A RED HYUNDAI SUV MAKES ITS WAY THROUGH DOWNTOWN SAN FRANCISCO ON A BRIGHT AUGUST AFTERNOON. THE CAR LOOKS INNOCUOUS, BUT A DAY EARLIER, POLICE HAD LINKED IT TO THE BREAK-IN OF ANOTHER CAR AND ADDED IT TO A SO-CALLED HOT LIST OF WANTED VEHICLES. NOW, THE CITY'S LICENSE PLATE RECOGNITION CAMERAS, OR LPRS, ARE STATIONED AT MAJOR INTERSECTIONS, READY AND WAITING.
One of those LPRS photographs the Hyundai's plates, matching it with the car on the hot list and sending an automated alert to SFPD's command center. Officers launch a drone to monitor the car. From afar, they watch as two people in hoodies and gloves emerge from the Hyundai, smash the window of a parked car, and wrestle suitcases from the back before driving off. Minutes later, police spike the Hyundai's tires, arrest the suspects, and confiscate their handguns.
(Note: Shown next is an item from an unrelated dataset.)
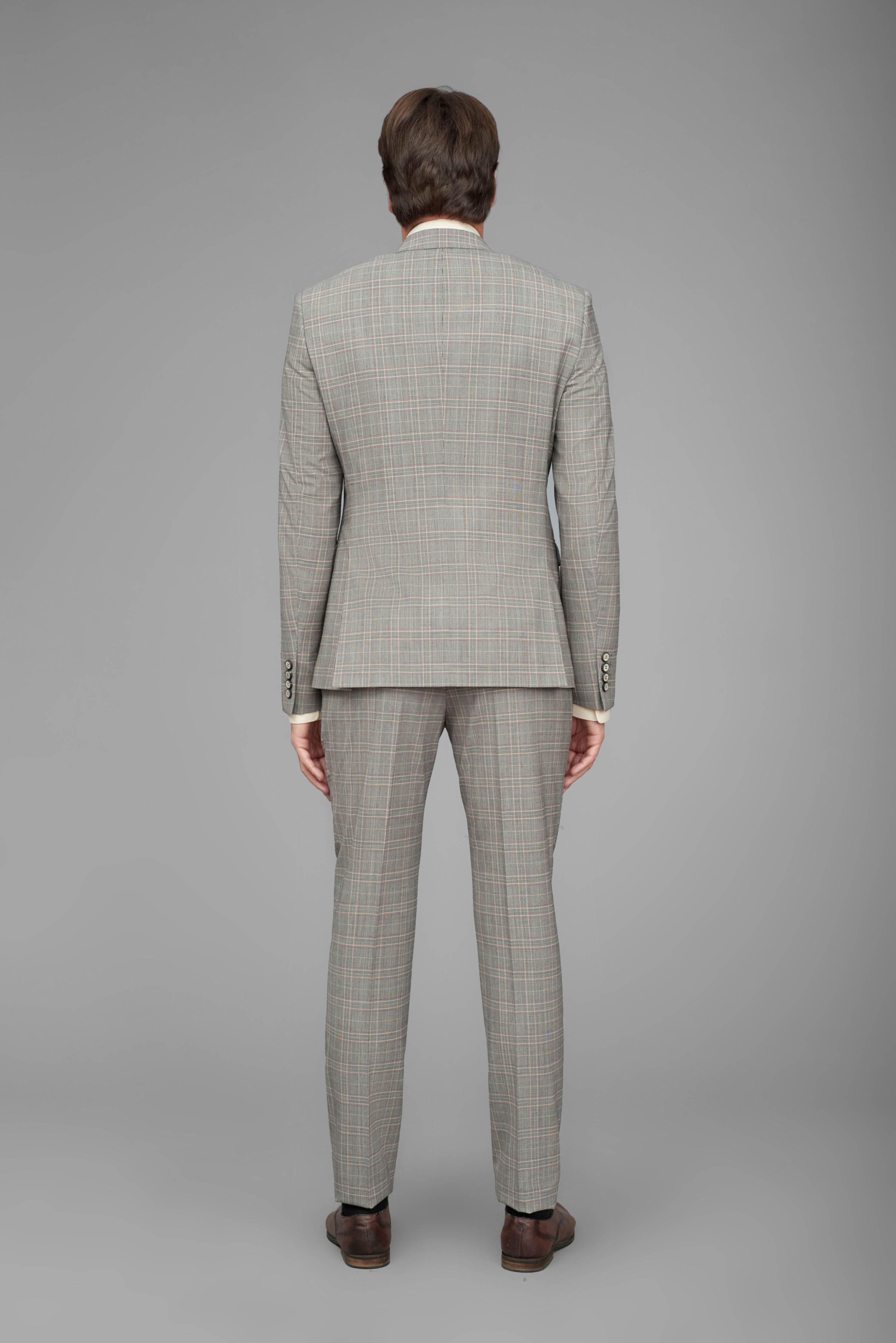 Костюм мужской двойка 4555-ND-840S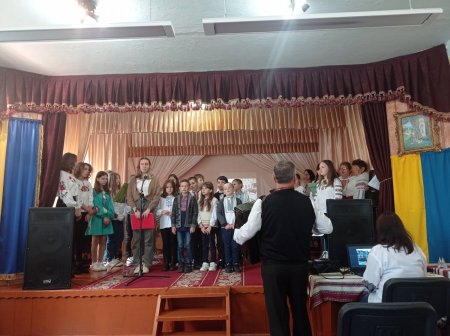 ПАТРІОТИЧНИЙ ЗАХІД У КОЛОДІЇВЦІ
Welcome to the era of tech-enhanced policing, the stuff of civil liberty advocates' nightmares and public safety advocates' dreams. It's a world where cameras patrol the streets and software helps solve crimes, and it's being hastened by a small number of surveillance companies, including the one behind the LPR that snagged that Hyundai: Flock Safety. The Atlanta-based startup, which also sells security cameras, first-responder drones, and a full suite of command-center software tools, signed a deal with San Francisco in March 2024 to install and operate 400 LPRs. By the time of the Hyundai incident in August, the city had already installed more than 200 of Flock's solar-powered, internet-connected, artificial intelligence-enhanced infrared cameras, placing them at intersections across its 46.9 square miles.